22 March, 2008
Outstanding landscape protected at Aoraki/Mt Cook
Outstanding high country landscape has been protected in a deal announced today by Land Information Minister David Parker and Conservation Minister Steve Chadwick.
The recently agreed tenure review of the 2463 hectare Mt Cook Station pastoral lease, at the head of Lake Pukaki, will result in 1612 hectares or 65 percent of the property becoming public conservation land next to Aoraki/Mount Cook National Park.
“Important biodiversity protection on the new public conservation land will include tall tussock grasslands and shrublands containing threatened plants, birds and invertebrates,” said Steve Chadwick. “Large parts of the property have not been burnt for over 70 years, so the native vegetation is in very good condition.

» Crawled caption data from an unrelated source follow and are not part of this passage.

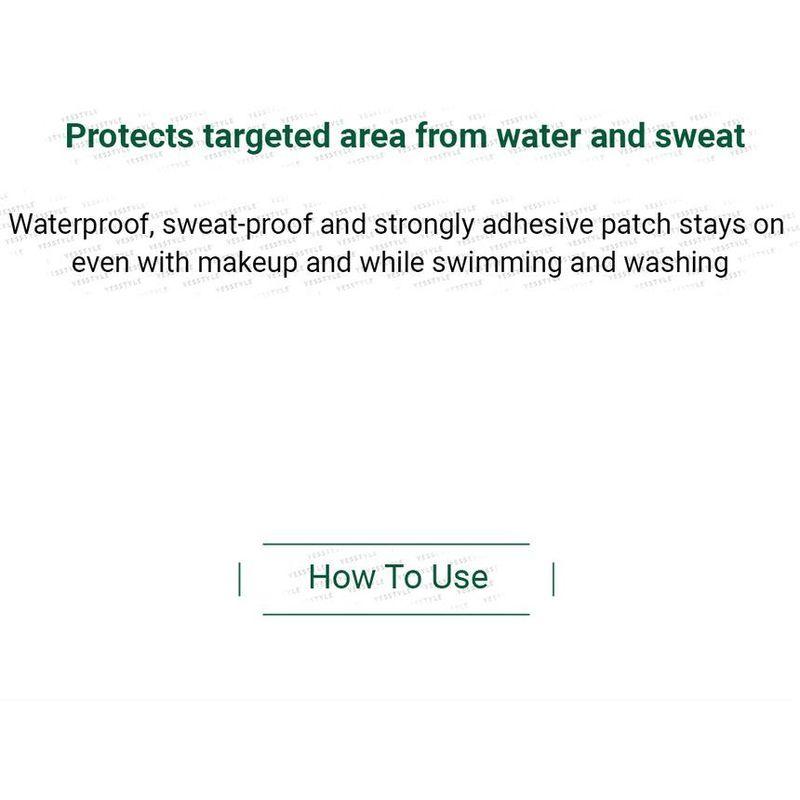 VT - Cica Spot Patch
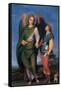 Archangel Raphael with Tobias-Andrea del Sarto-Framed Stretched Canvas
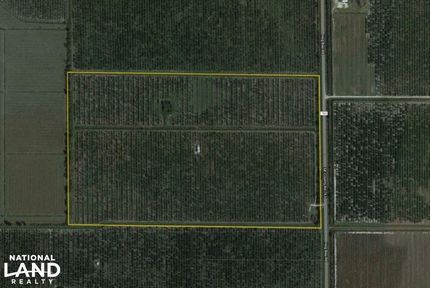 Undeveloped Land in DeSoto County, Florida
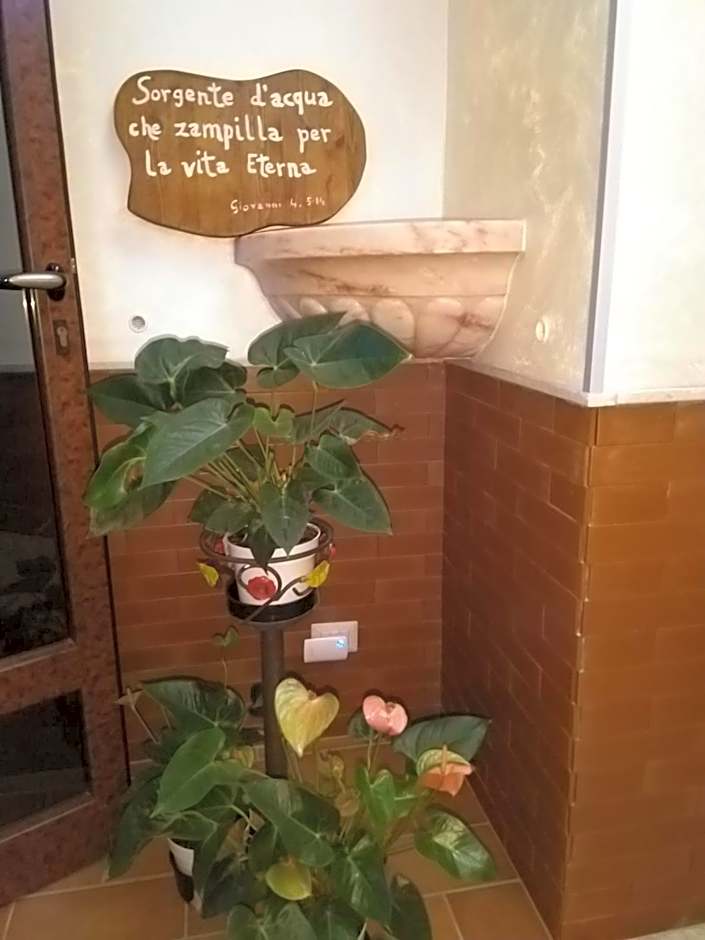 Oasi Madre della Pace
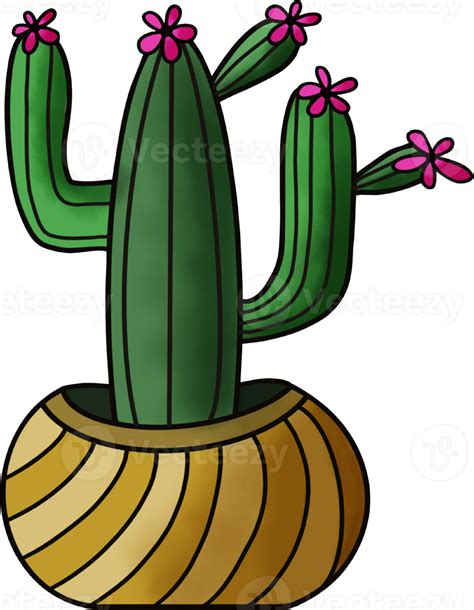 Free Cactus Drawing Isolated 22353952 Png With Transparent Background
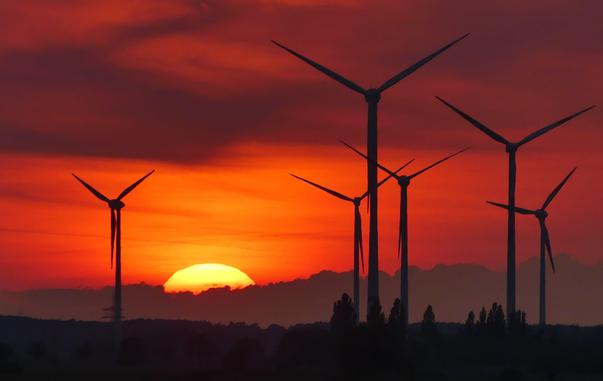 Sonnenuntergang hinter Windrädern und Säulenpappeln, knallorange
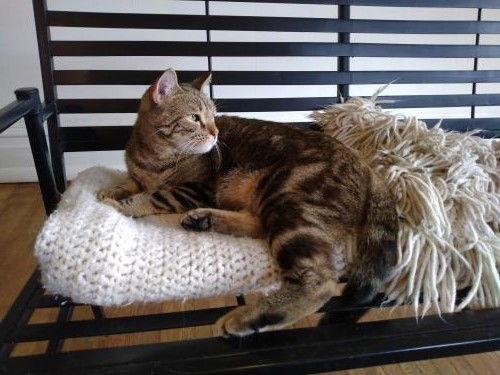 Enlarge Shay - Fun loving adult, a Adoptable Domestic Short Hair in Harrisburg, PA image 3/3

“Also protected are lower altitude river flats and terraces beside the Tasman River and the Jollie River delta, which are habitats for threatened braided river birds such as the black-fronted tern/tara.”
David Parker said that the newly protected land on the lower slopes of the Burnett Mountains could be a potential future addition to Aoraki/Mount Cook National Park, together with 7200 hectares of adjoining land that reverted to the Crown some years ago from the higher slopes of Mt Cook station. The national park would then include the Burnett Mountains from the Tasman River bed to the high tops.

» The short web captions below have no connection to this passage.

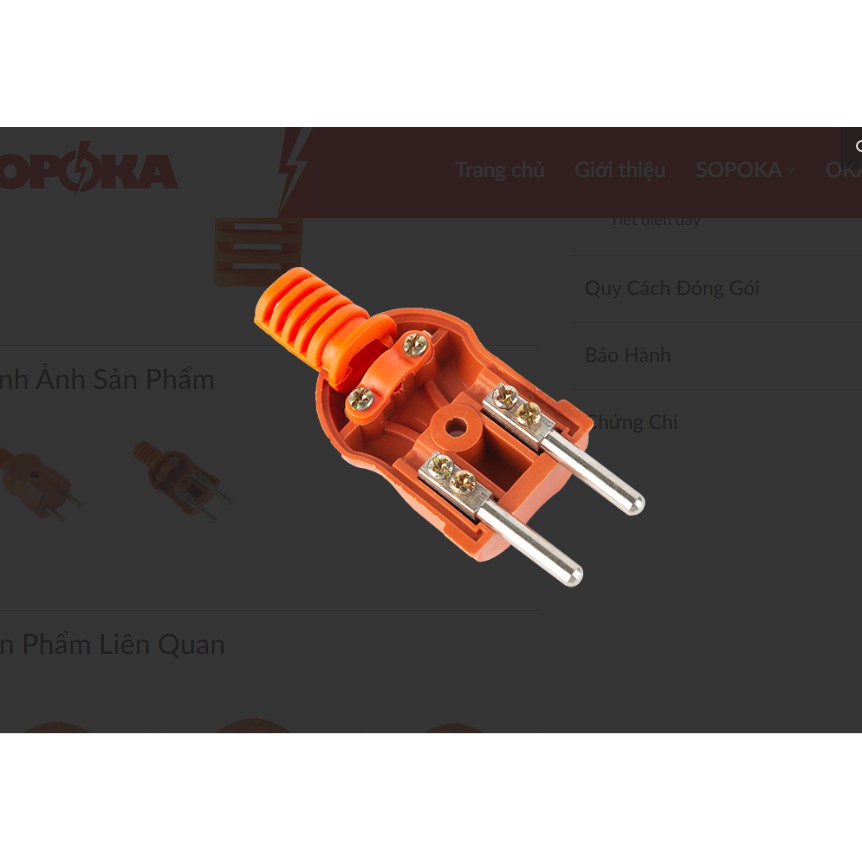 Phích cắm siêu chịu tải P3000W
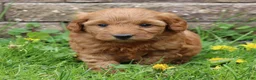Mini Goldendoodle dogs for sale: Betsy - Ad 3
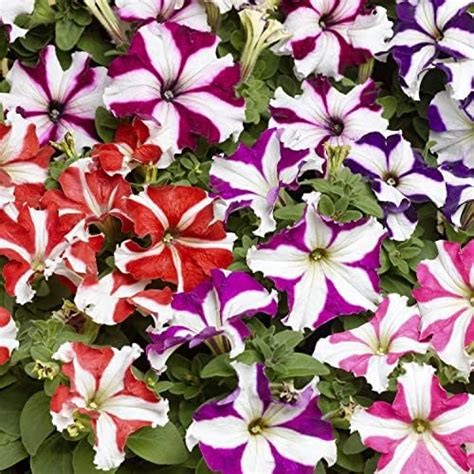 Live Green Petunia Star Mixed Flower Seeds - Variety Grandiflora Star ...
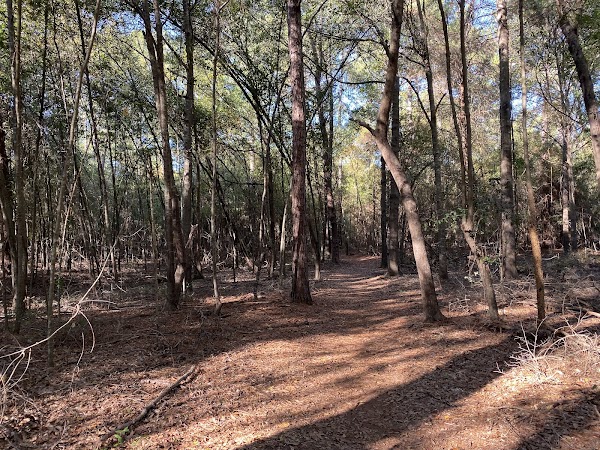 Forever Wild Trails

“Today’s announcement could enable the largest addition to the national park since it opened in 1953. In addition, protective covenants have been put in place over the 851 hectares of lower lying land being freeholded to the leaseholder. That will protect landscapes by preventing exotic forestry and subdivision.”
Steve Chadwick said that, in addition to their biodiversity and recreational values, the Burnett Mountains are significant because they help to frame the spectacular view toward Aoraki/Mt Cook from Lake Pukaki.

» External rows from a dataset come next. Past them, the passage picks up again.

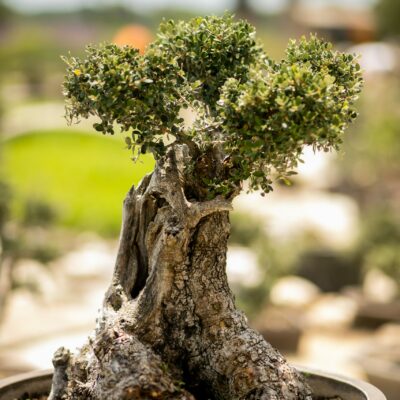 Μπονσάι Ελιάς 8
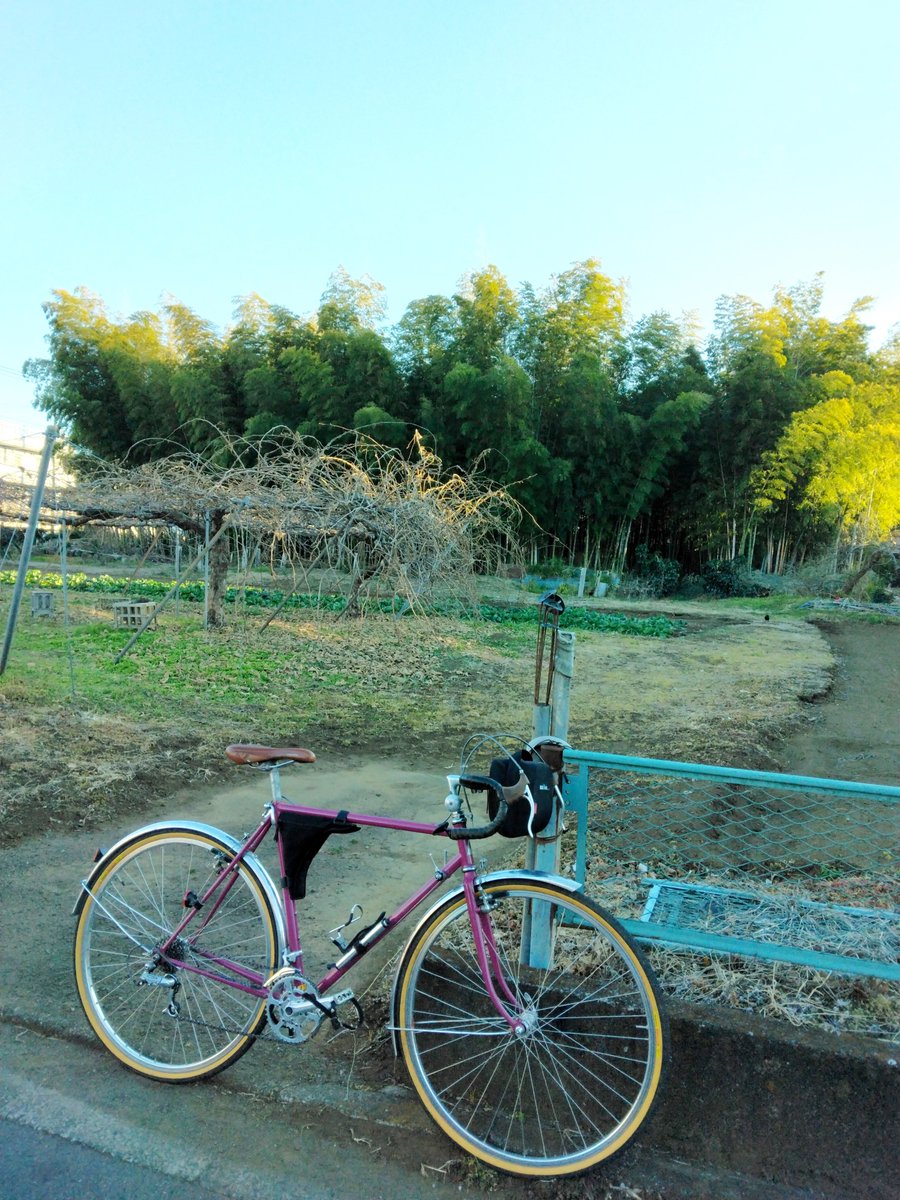 IWASHI7777777's tweet photo. @okuchangt 我が愛車は #ドロップ #700C #35C #ドロヨケ 付きのスタイルだったこともあり、段々ドロヨケ外す気がなくなり・・・、クリアランス違う太細両ホイールの出番減少。昨日はフロントの歪んだステーを交換、見栄えが良くなりました。たまには、太ホイールにしてオフロードも行かないとなぁ。 https://t.co/mnH3IZoCjm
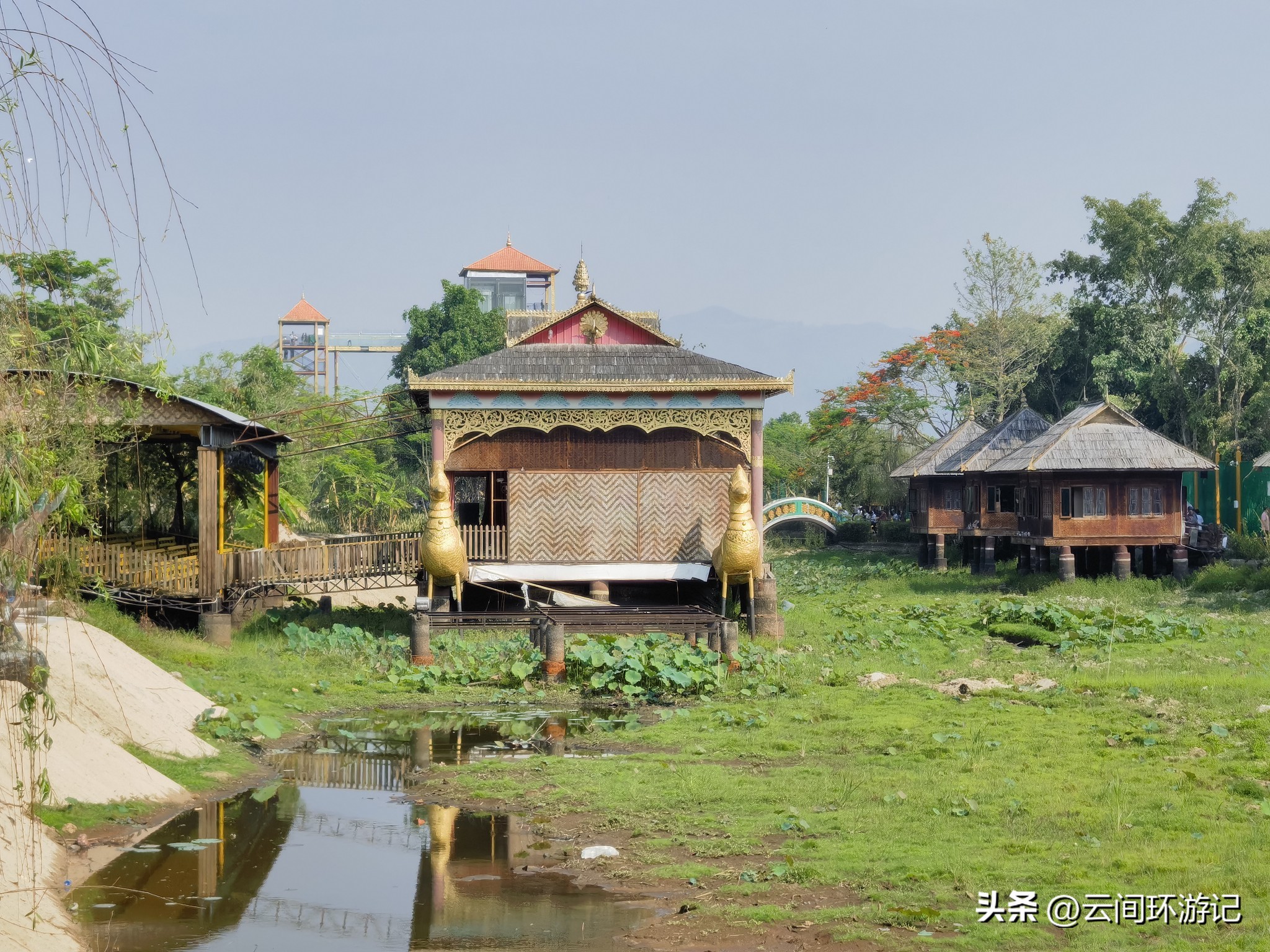 缇庝附寰峰畯娴极涔嬫梾,婕父寰峰畯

David Parker said recreation has also been well served by the review. “Public access to the Tasman River flood plain, from the road on the eastern side of Lake Pukaki, will provide for walking, picnicking, photography and tramping. Access up the Jollie River to the Burnett Mountains and Liebig Range will provide for excellent tramping, climbing and ski touring.”
• Mt Cook Station is a well-known Mackenzie Country property, which has been in the unbroken stewardship of the Burnett family since 1864. The tenure review outcome announced today was negotiated with leaseholder Donald Burnett by Land Information New Zealand (LINZ), in consultation with the Department of Conservation (DoC). The cost to the Crown was $1,815,000. The new public access is expected to be available for public use toward the end of this year.
• Many of the peaks, streams and other landmarks on the property were named after Burnett family members, neighbours, shepherds and farm dogs, and remain as an historic record of early settlement. The grave of Donald Burnett’s father, TD Burnett, is located on the property. The Crown has secured an option to purchase the 142 hectares surrounding the cemetery reserve (at the northern end of the land being freeholded) if the Burnett family ever decide to sell it.
• Vehicle access to the property is from the Braemar/Mt Cook Station road along the eastern shore of Lake Pukaki. Public walking access up the Jollie River will be by way of an easement through existing freehold land held by Mt Cook Station. This access was offered by Mr Burnett, although strictly speaking it was outside the scope of the tenure review.
• The 7200 hectares of the higher slopes of Mt Cook Station that have already reverted to the Crown were previously in a pastoral occupation licence, which was not renewed when it expired in 1996. This land was transferred to DoC management in 2007 and now comprises the Mt Cook Conservation Area.
• The Mt Cook Station pastoral lease is one of 65 properties near lakes the government named in November 2007 as being excluded from tenure review unless certain conditions were met – including lakeside land being retained by the Crown, or the lessee accepting restrictions on the land’s future use and development. The Mt Cook Station tenure review met these conditions and funding approval for the review was given by the Minister for Land Information.
• The 65 percent of Mt Cook Station becoming public conservation land as the result of tenure review is higher than average, reflecting the land’s high natural values.
• Aoraki/Mount Cook National Park covers 70,696 hectares. The park is also part of Te Wahipounamu – South West New Zealand World Heritage Area in recognition of its outstanding natural values. The addition to the national park of land from the Mt Cook Station tenure review and the former pastoral occupation licence would be subject to the processes of the National Parks Act 1980 and the approval of the New Zealand Conservation Authority.
• Tenure review of a pastoral lease is a voluntary negotiation between the Crown and the leaseholder that results in the transfer of land with significant biodiversity, recreation, historic and public access values to DoC management, and the freeholding of land capable of productive use to the lessee. LINZ is the government agency responsible for South Island high country pastoral leases, and for tenure review negotiations.